[Part 124] The Wall Between Me and Miyagi (I)

         I reached my hand out toward Miyagi.

         I ran my fingers through her black hair, combing through it gently.

         My hand stroked her cheek, then traced the outline of her lips with my fingertips.

         Miyagi didn’t seem to mind—but she didn’t react either.

         She was always complaining about something, yet today, she stayed quiet.

         When I leaned in close, she simply closed her eyes with a helpless look on her face. It almost felt like she was being unusually obedient right now.

         I pressed my lips to hers and slipped my tongue inside her mouth.

         She didn’t push me away, nor did she bite back like she sometimes did. Her passiveness surprised me, but it also unsettled me—Miyagi wasn’t putting up a fight at all.

         Still, I felt like saying anything about it would just annoy her, so I kept quiet.

         I kissed her lips over and over again, then moved to her neck. I left soft kisses there, careful not to leave any marks.

         Miyagi let out a faint breath.

         I loosened her necktie and removed it completely, then slowly unbuttoned her blouse, one button at a time.

         As I kissed along her collarbone, Miyagi clung tightly to my shoulders.

         But she didn’t say no, nor did she tell me to stop.

         So I slipped her blouse off and gently pushed her down.

         Of course, I already knew the truth.

         I knew this was just a dream.

         Summer vacation, winter break—

         Moments from all those days, tangled together into one.

         We were wearing our old school uniforms, the ones we didn’t need anymore.

         And this wasn’t the first time I’d had this dream. I’d seen it again and again—even after we moved in together.

         I need to wake up soon.

         But even so, I wanted to stay inside this dream just a little longer.

         I bit softly into her shoulder, sinking my teeth into her skin.

         Her warmth seeped into me. Her body felt soft beneath my lips and hands—but I couldn’t tell exactly how soft, or how warm. My senses felt hazy, melting together.

         「Miyagi.」

         I called her name.

         But she didn’t answer.

         Wanting to hear her voice, I slipped off the last piece of clothing covering her chest.

         Still, she stayed silent.

         No matter how much I touched her with my hands or lips, she wouldn’t speak.

         All I could feel was the blurry yet distinct sensation of her skin against me.

         Though I’d never really touched her like this before, I could tell that everywhere I touched felt soft. My dream conveniently filled in the gaps where my memories fell short.

         I pulled off her skirt.

         As expected, there was no protest.

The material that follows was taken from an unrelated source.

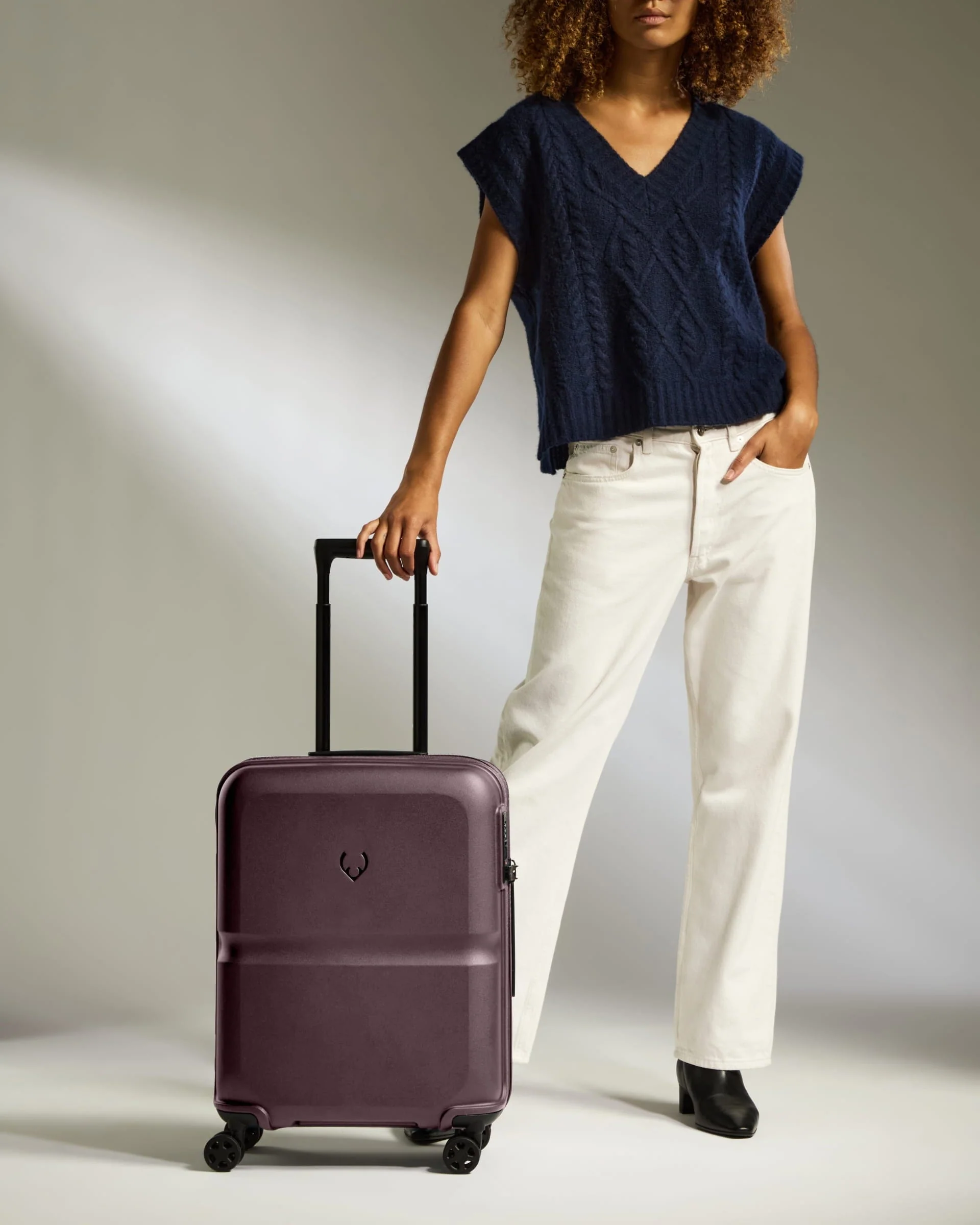 Cabin Suitcase in Lagoon Purple - Single Stripe - Image 2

         I let my hands wander beneath her ribs, tracing her soft stomach, brushing over her hips.

         My fingertips reached the waistband of her underwear.

         I paused.

         I knew this was only a dream.

         Even so, I wasn’t sure if I should really cross this line.

         「Sendai-san.」

         Her voice called out to me, soft and pleading, urging me forward.

         But the Miyagi I knew wasn’t someone who acted like this. She wouldn’t be so honest about what she wanted, and she definitely wouldn’t call my name in that kind of voice.

         Even so, I slowly slid my hand beneath the fabric.

         And then—

         And then——

         And then———

         My hand grabbed my phone, which wouldn’t stop ringing.

         「… Figures.」

         I sighed and silenced the alarm.

         Setting the phone back down, I pressed my hand against the wall beside my bed.

         Miyagi was just on the other side of this wall.

         That wasn’t good.

         Right now, it felt like I was too close to her.

         I knew, rationally, what was acceptable and what crossed the line—but I didn’t have that same kind of control in my dreams.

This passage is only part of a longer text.